Suggested observability gates before default-on:
- spawn success rate
- child failure rate by reason
- queue depth and wait time percentiles
- replay reconciliation count
## Risks and Mitigations
- Context pollution in parent thread:
- Mitigation: store full child output in child session; pass compact summaries to parent.
- Parallel write conflicts:
- Mitigation: recommend read-focused subagents first; keep write-heavy child agents opt-in.
- Resource spikes with many children:
- Mitigation: max parallel cap and bounded queue.
- Inconsistent replay state:
- Mitigation: event-driven reconstruction only from persisted lifecycle events.
## Milestone Checklist
- [ ] Runtime manager module and interfaces.
- [ ] `task` tool implemented and registered.
- [ ] Shared runtime builder used by main + subagents.
- [ ] Background parallel execution path working.
- [ ] Session events persisted for full lifecycle.
- [ ] Resume reconstructs tree/state.
- [ ] Sidebar tree rendering + click navigation.
- [ ] Child thread read-only view with disabled input.
- [ ] Unit + integration + TUI tests passing.
- [ ] Documentation updates for config and usage.
- [ ] Event ordering and transition invariants documented and enforced.
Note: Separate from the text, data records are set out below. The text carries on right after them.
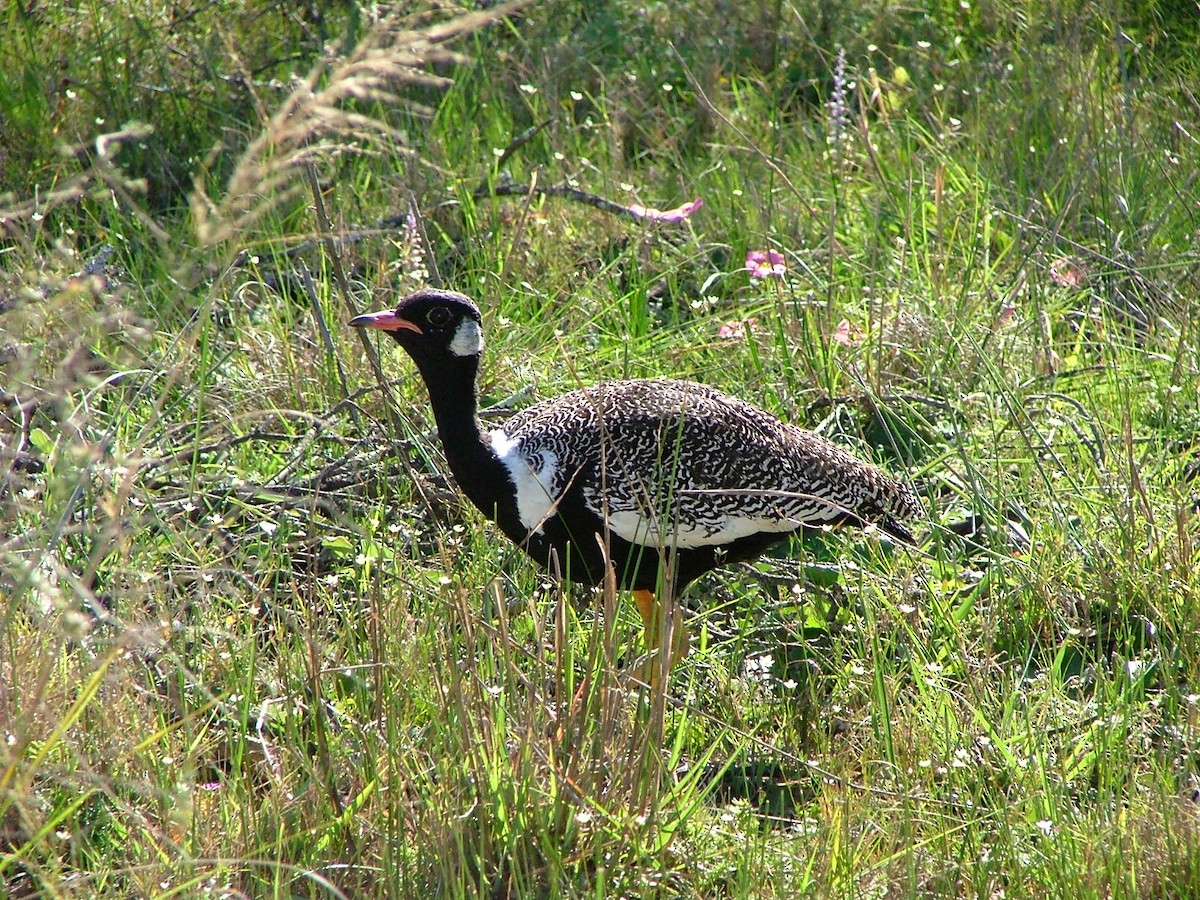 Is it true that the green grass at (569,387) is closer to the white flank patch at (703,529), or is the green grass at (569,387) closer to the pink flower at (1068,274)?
the pink flower at (1068,274)

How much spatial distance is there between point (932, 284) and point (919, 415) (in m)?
0.57

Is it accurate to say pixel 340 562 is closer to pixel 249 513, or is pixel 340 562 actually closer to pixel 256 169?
pixel 249 513

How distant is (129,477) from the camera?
5.67ft

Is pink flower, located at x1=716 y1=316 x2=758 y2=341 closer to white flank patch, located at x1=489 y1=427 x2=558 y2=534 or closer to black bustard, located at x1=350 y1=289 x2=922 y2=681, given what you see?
black bustard, located at x1=350 y1=289 x2=922 y2=681

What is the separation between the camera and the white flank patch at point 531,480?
3510mm

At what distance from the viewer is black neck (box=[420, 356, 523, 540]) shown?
140 inches

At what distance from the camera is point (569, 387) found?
4.34 meters

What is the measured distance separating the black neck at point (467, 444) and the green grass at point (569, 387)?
0.56ft

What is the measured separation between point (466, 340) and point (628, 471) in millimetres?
544

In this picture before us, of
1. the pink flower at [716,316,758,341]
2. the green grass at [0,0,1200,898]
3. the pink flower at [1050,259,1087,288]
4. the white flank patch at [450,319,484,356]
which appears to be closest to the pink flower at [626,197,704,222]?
the green grass at [0,0,1200,898]

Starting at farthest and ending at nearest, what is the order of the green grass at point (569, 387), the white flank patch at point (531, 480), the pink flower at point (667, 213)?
the pink flower at point (667, 213) < the white flank patch at point (531, 480) < the green grass at point (569, 387)

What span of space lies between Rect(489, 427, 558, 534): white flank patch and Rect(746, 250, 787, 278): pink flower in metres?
1.25

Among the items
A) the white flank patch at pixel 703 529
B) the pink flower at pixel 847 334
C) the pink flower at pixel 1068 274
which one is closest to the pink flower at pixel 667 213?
the pink flower at pixel 847 334

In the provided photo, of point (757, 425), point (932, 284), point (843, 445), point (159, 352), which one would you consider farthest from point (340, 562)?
point (932, 284) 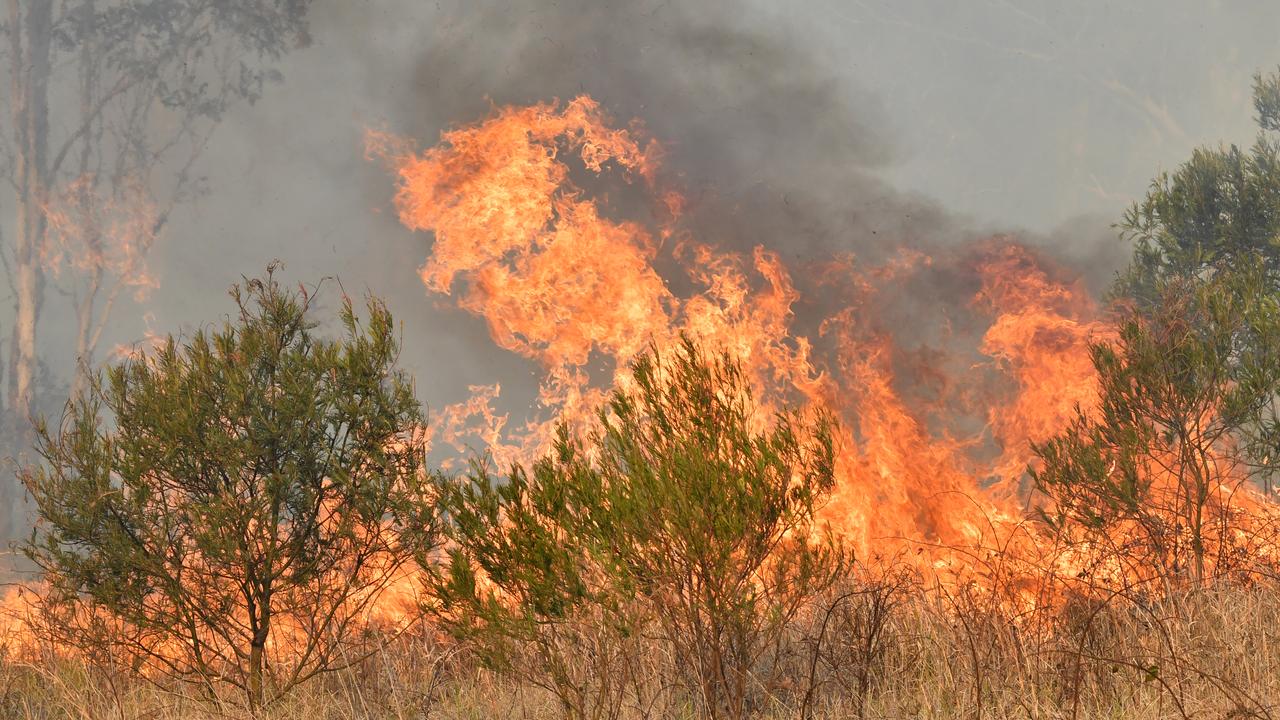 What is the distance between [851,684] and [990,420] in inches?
413

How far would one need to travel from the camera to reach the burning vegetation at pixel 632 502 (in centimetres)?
796

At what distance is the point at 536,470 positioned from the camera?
8164 millimetres

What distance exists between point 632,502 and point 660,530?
0.35 metres

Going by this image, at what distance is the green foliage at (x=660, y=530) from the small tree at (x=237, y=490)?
7.12ft

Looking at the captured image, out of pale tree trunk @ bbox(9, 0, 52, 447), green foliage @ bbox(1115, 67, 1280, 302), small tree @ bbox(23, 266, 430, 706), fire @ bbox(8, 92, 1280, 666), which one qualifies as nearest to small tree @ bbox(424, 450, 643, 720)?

- [ ] Restart reconciliation behavior implemented and tested.
- [ ] Payload bounding/truncation policy implemented and tested.
## Notes from External Product Patterns
The plan aligns with current Codex/OpenCode multi-agent patterns:
- role-based sub-agent spawning
- parent orchestration with parallel children
- depth/thread guardrails
- thread/session navigation for child workflows
- summary-first parent context strategy
This gives a practical path to feature parity while preserving this repository's existing architecture boundaries.